Quote: Originally Posted by fireman604
Today it took a layer of snow one snow flake deep on the ice to keep my four wheel drive jeep trapped at the bottom of my driveway. It did get colder in the teens. Four wheel low and driving on the edge of unplowed crunchy snow I escaped. I called for help after returning and bobsledding down the drive. The sand truck backing down throwing sand as it descended my drive slid down the drive. It took half an hour for the sand to set up, stick to the ice. After that wait he was able to escape. Even with the events of this morning I would not live anywhere else. I grew up just outside of New York City but have been here for 30 plus years. Winter is winter and most of the tourists have gone home.

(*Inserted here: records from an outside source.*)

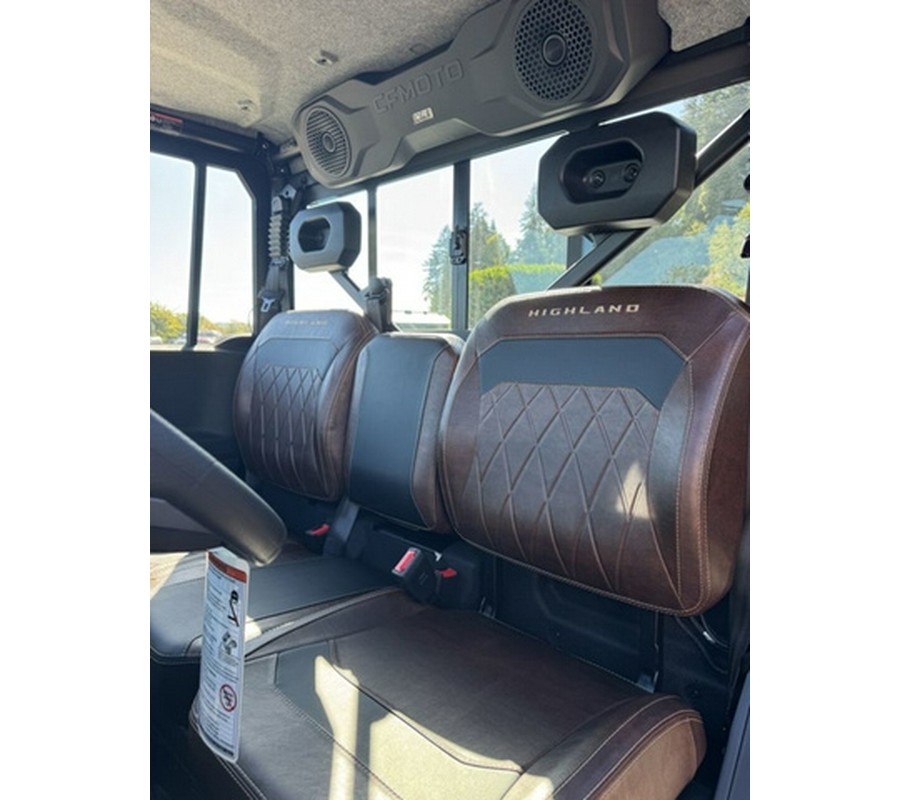 2026 CFMOTO UFORCE U10 Pro Highland Camo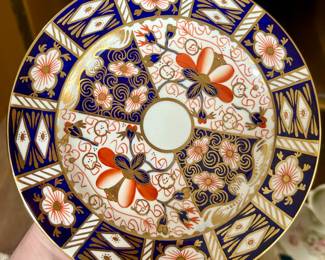Royal Crown Derby Plate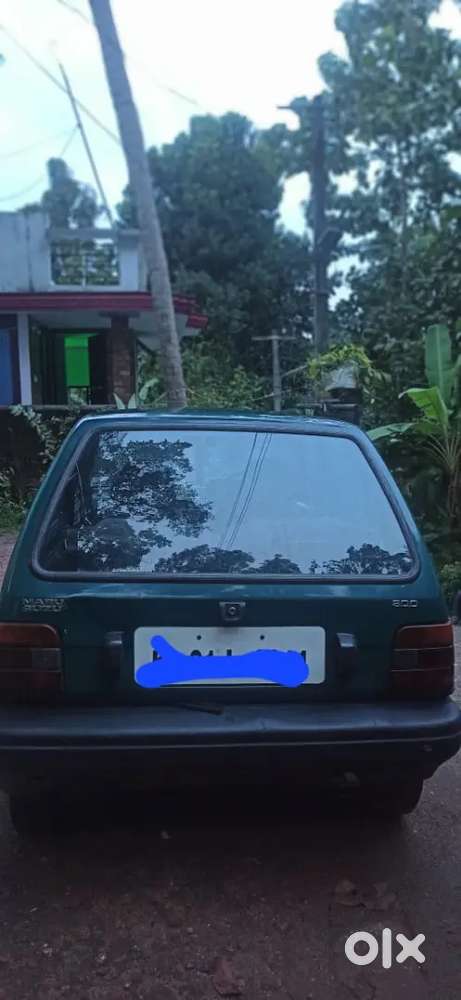 Maruti Suzuki 800 1997 Manual Petrol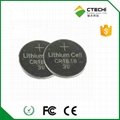 CR1616 3V for wrist watch lithium primary cell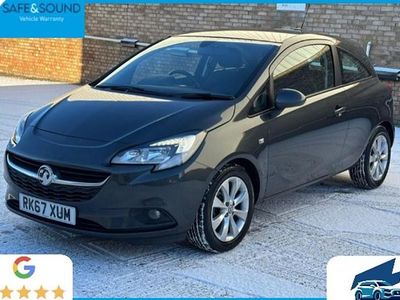 Grey Used 2017 Vauxhall Corsa Hatchback | £4,999 (Fair price)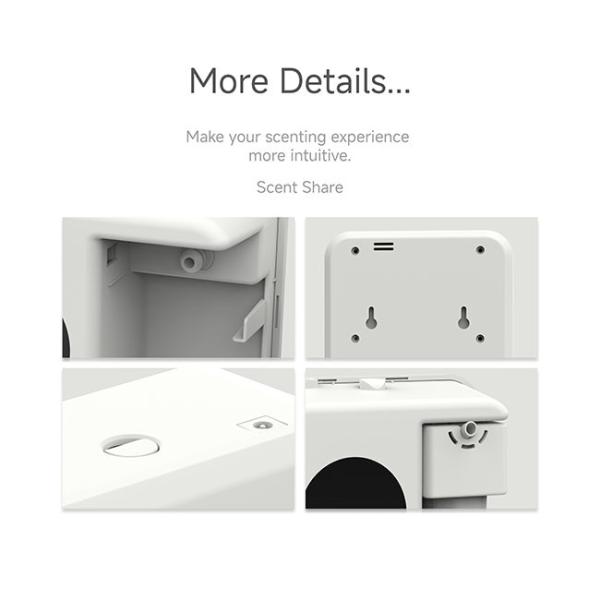 C300 Wall Mounted Smart Fragrance Diffuser Wireless Control Automatic Aroma Diffuser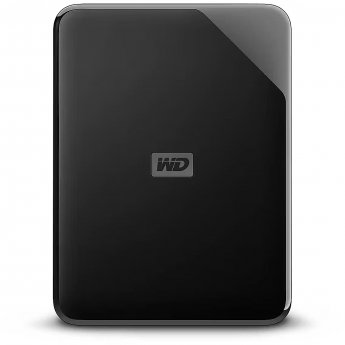 Western Digital Elements SE, 2TB, Black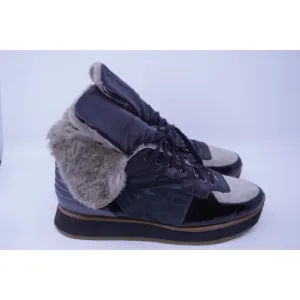 Aquatalia Jacinda Boots Genuine Sheep Fur Lined Weatherproof Women’s 7.5 EUC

Even here in Missouri, when we have weather like we are currently experiencing, the 4-wheelers soon learn (usually the hard way) that although having two extra drive wheels (as in 4 wheel drive) may get one going in the snow and ice, they still have the same number of "brake" wheels: 4. Going faster on 4-wheel drive only means it is harder to stop in the ice and snow!!
I have been caught twice half way up a icy hill in a two ton truck with no other choice but to back down. Survived both and only ended up in the ditch once. Not an experience I care to repeat a third time.

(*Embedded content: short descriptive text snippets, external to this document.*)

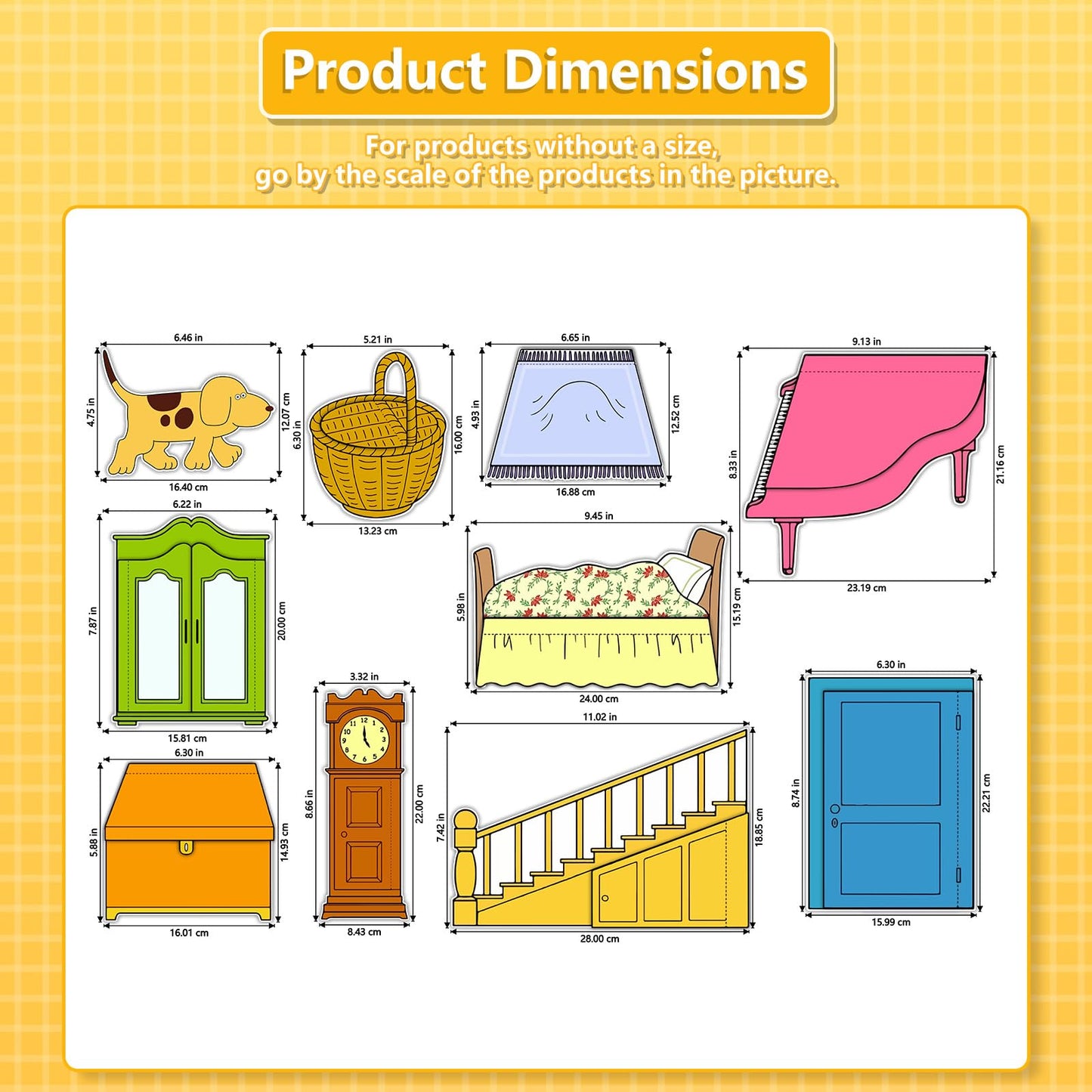 Thryvomniq Wheres Spot Felt 10 Pcs Board Stories Pieces Set Story FeltsKindergarten Storytelling Felt Toys Flannel Board Stories for Preschool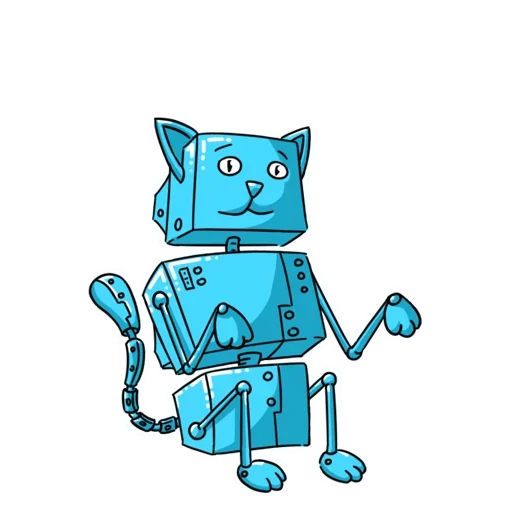 ✋️ Стикер «Влюбленная Техника» для Telegram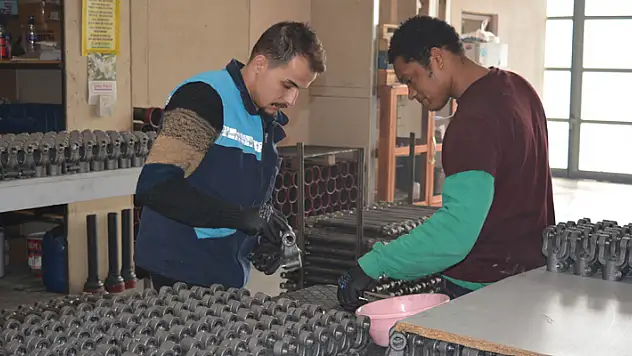 ÖK Şaft, Makine ve Otomasyon AR-GE sonucu kaliteyi yakaladı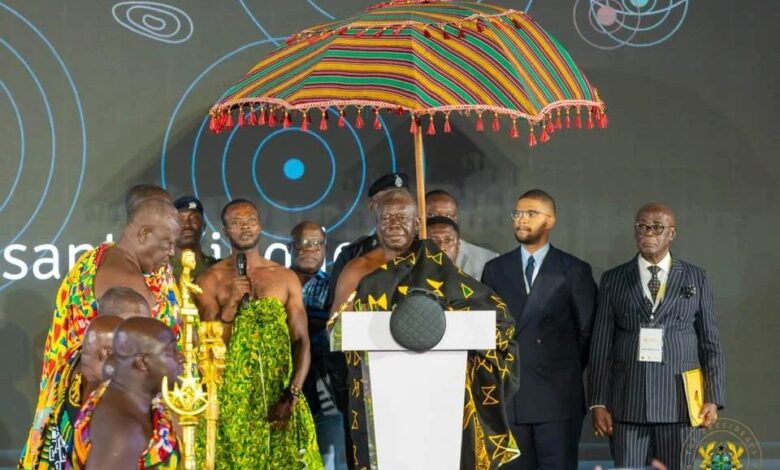 Sammy, I thank you – Otumfuo praises GoldBod CEO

I do appreciate your love for Alaska. I was about 8 or 9 when Dad took me fishing the first time. We used worms and the red / white plastic bobbers. Very frustrating for me; by the time I reacted to the fish strike, the worm (and fish) were gone. When I complained, Dad told me that the problem was these fish were fast, and smart. My reply was to ask to be taken to where the fish were "slow and dumb". Got my wish at Lake Louise. The Grailing were so dumb, all you had to do was cast the spinner and hook into the lake and pull out the fish!! Dad was so busy landing my catch (and with the home movie camera) that he only had time to catch one of the nine!